As mentioned above, artists and producers are likely growing more intelligent, or aware, rather, of the industry and what type of songs, beats, rhythms, melodies, etc. it takes to make a song that people enjoy. If one were to assume that danceability was one of these song traits that producers want to improve in their music, then the following analysis is pertinent.

Above is a series of density plots that display the distribution of song danceability for each decade. While the steeper peaks evident in the 20s and 30s will not be investigated in this study, a trend of increased danceability since the 50s is apparent and will be analyzed. The density curve changes from roughly symmetrical in the 50s to more and more left skewness over the following decades. This trend could potentially be substantiated by creating a linear regression model like this one:

To confirm that this linear regression model is valid, the conditions must first be passed, for which a residual plot of the data, like the one below, is required.

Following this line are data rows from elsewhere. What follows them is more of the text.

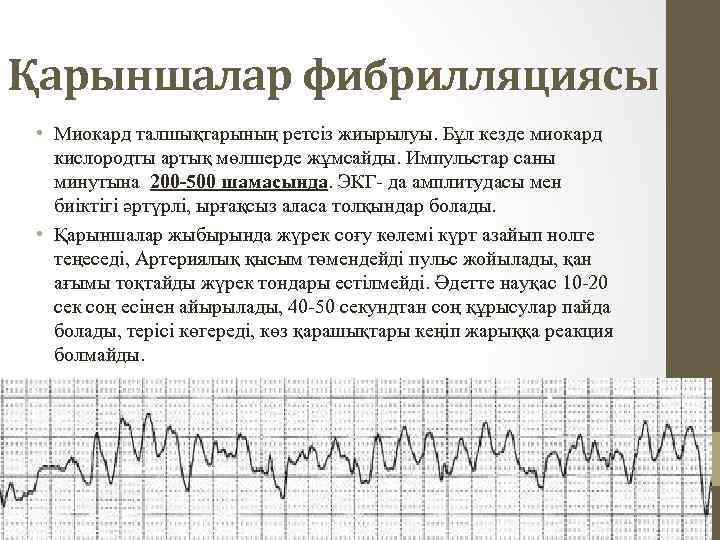 Қарыншалар фибрилляциясы • Миокард талшықтарының ретсіз жиырылуы. Бұл кезде миокард кислородты артық мөлшерде жұмсайды.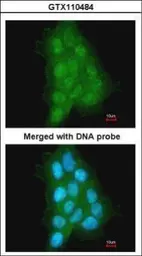 Anti-MAGEA11 antibody [N2N3] used in Immunocytochemistry/ Immunofluorescence (ICC/IF). GTX110484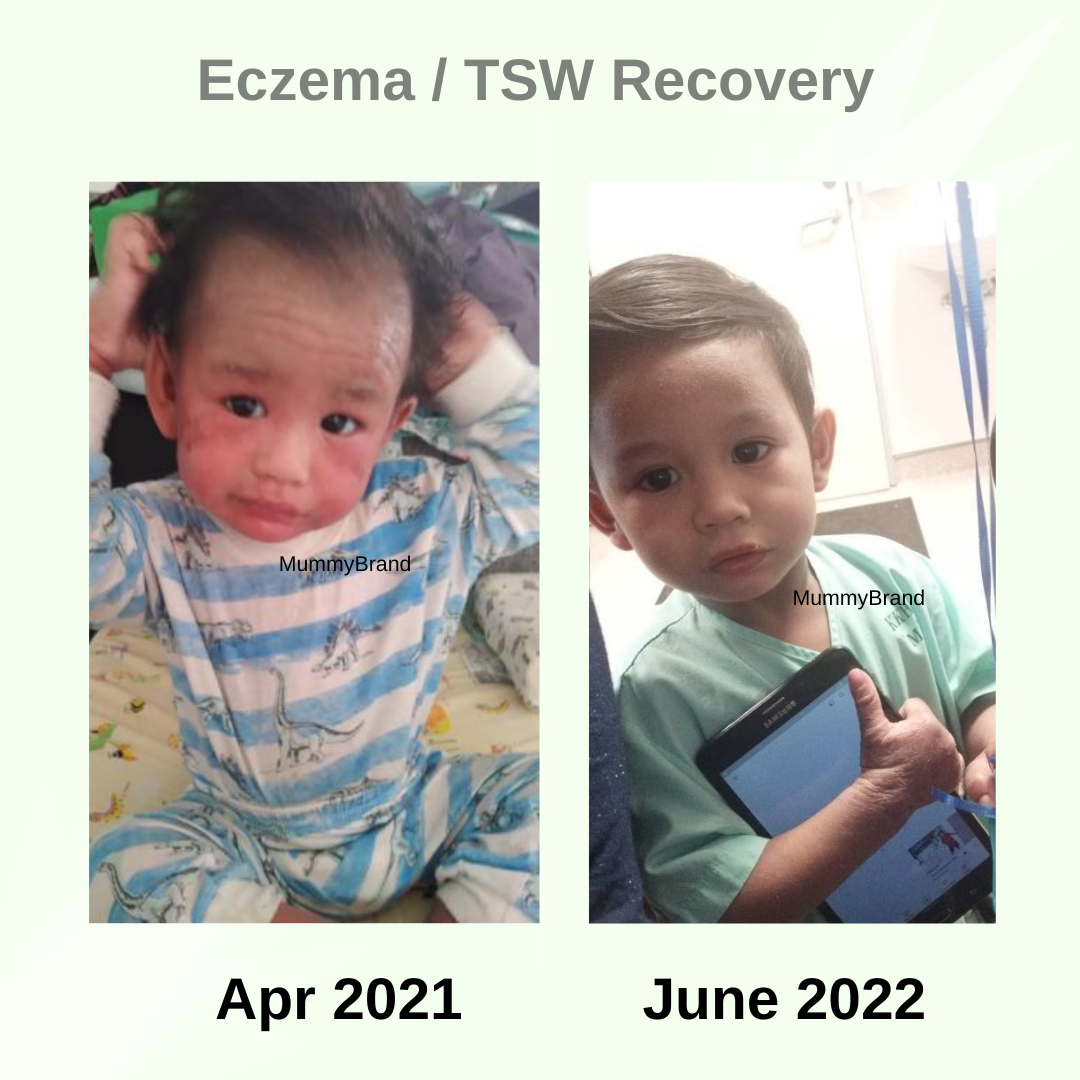 Barrier+ Intensive Kit (Formerly Hypersensitive Skin Kit)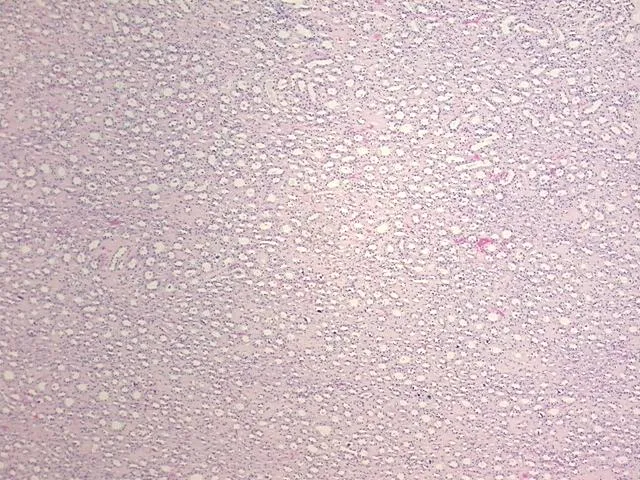 Tissue FFPE Sections, Kidney - image 1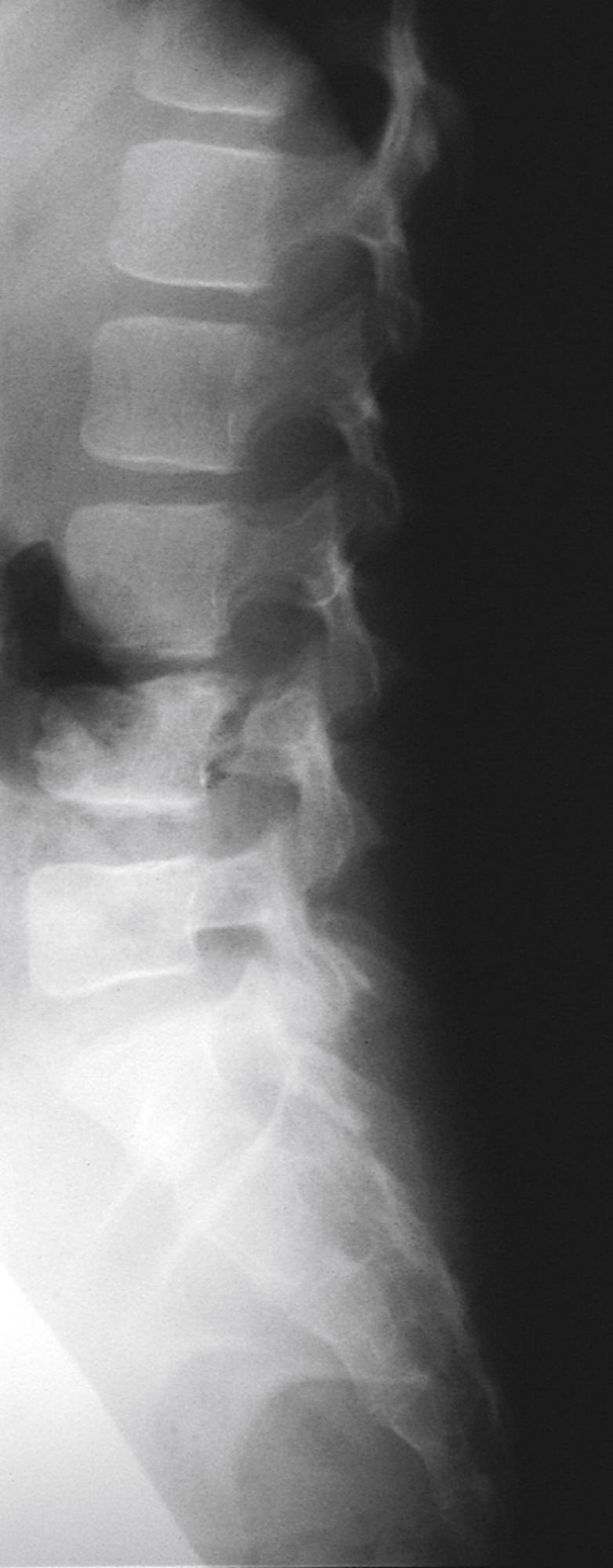 Fig. 22.54, Lap belt fracture. This flexion/distraction injury occurred through the body of the L4 vertebra when the child’s body hyperflexed over a lap belt in a head-on automobile collision.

All conditions are passed (the data appears to be relatively linear according to the scatter plot at the bottom left, there appears to be independence among the residuals, which is supported by the fact that the correlation between the danceability and the residuals in the above plot is -1.147791e-14 (essentially 0), the residuals appear to have constant variance throughout the plot, and appear to be relatively normally distributed). The data points on the scatterplot to the left indicate a strong, positive, linear correlation between year and danceability. The equation displayed represents that of the linear regression model, from which one can predict the danceability for a given year. The beta value (slope) of 0.001865 indicates that the average danceability increases by about 0.001865 each year.

For example, one may predict through extrapolation that the average danceability of songs in 2025 will be 0.001865(2025) — 3.163114 = 0.6135 estimated danceability.

3. Conclusion

Besides understanding the basics of the Spotify songs data, four important conclusions have been made in this study: songs in F# are likely more danceable than songs in C, decade and key appear to be associated, explicit songs are likely more danceable than clean songs, and one can predict average danceability from a given year. These inferences and trends can be generalized to all Spotify songs and are thus applicable for current artists and producers in the industry.

Code (from RStudio): https://docs.google.com/document/d/14afTO_GU0J9w2Ov_-5cD4W5R0aGHuI9N3YuCB3dDFIw/edit?usp=sharing

(Note: The code is not cleaned of unused lines; code is in no specific order; please excuse any repetition)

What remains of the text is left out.